Objective: To evaluate the usefulness of the broad range bacterial rDNA polymerase chain reaction (PCR) method combined with DNA sequencing in the aetiological diagnosis of intracranial or spinal infections in neurosurgical patients.
Methods: In addition to conventional methods, the broad range bacterial PCR approach was applied to examine pus or tissue specimens from cerebral or spinal lesions in patients treated in a neurosurgical unit for a clinical or neuroradiological suspicion of bacterial brain abscess or spondylitis.

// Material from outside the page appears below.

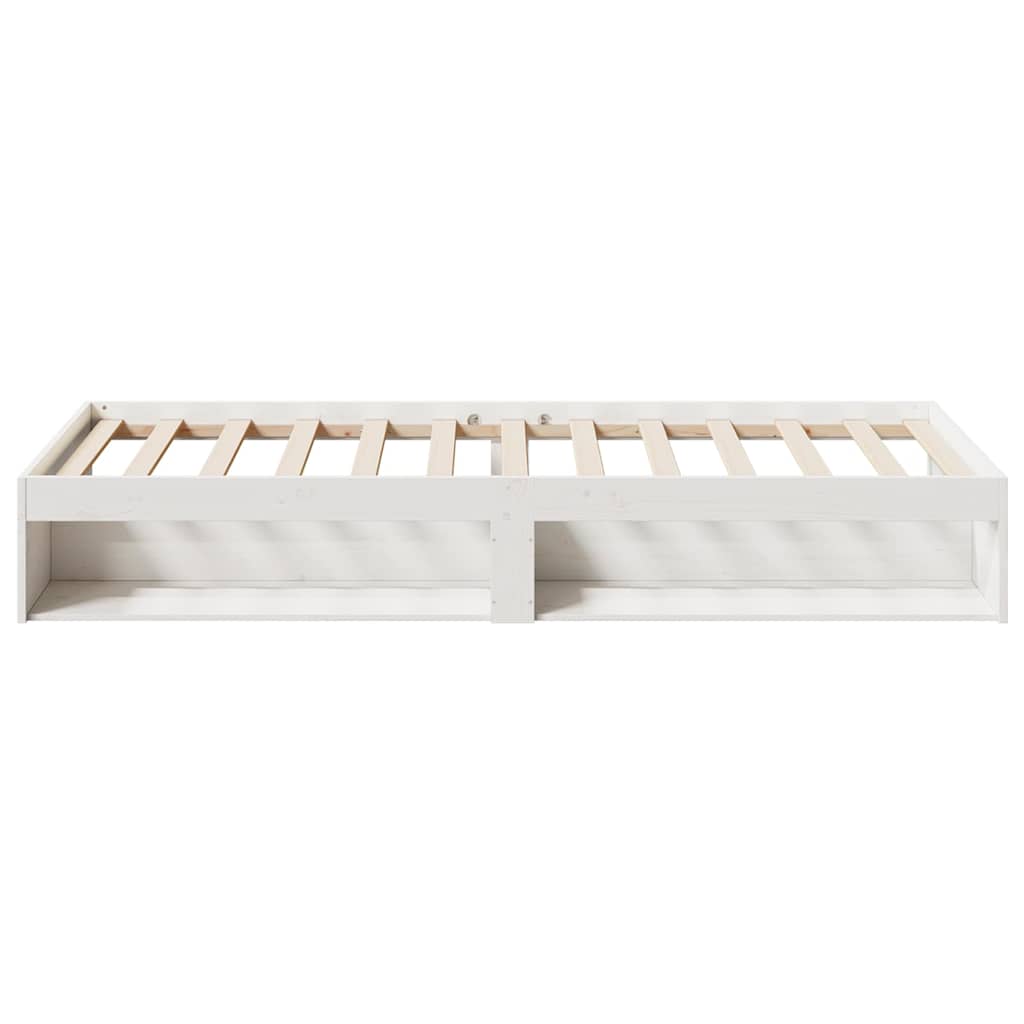 Day Bed without Mattress White 90x200 cm Solid Wood Pine - Bargainia.com -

Results: Among the 44 patients with intracranial or spinal lesions, the final diagnosis suggested bacterial disease in 25 patients, among whom the aetiological agent was identified in 17. A causative bacterial species was identified only by the rDNA PCR method in six cases, by both the PCR methodology and bacterial culture in six cases, and by bacterial culture alone in five. All samples in which a bacterial aetiology was identified only by the PCR approach were taken during antimicrobial treatment, and in three patients the method yielded the diagnosis even after ⩾ 12 days of parenteral treatment. One case also identified by the PCR approach alone involved a brain abscess caused by Mycoplasma hominis, which is not readily cultured by routine methods.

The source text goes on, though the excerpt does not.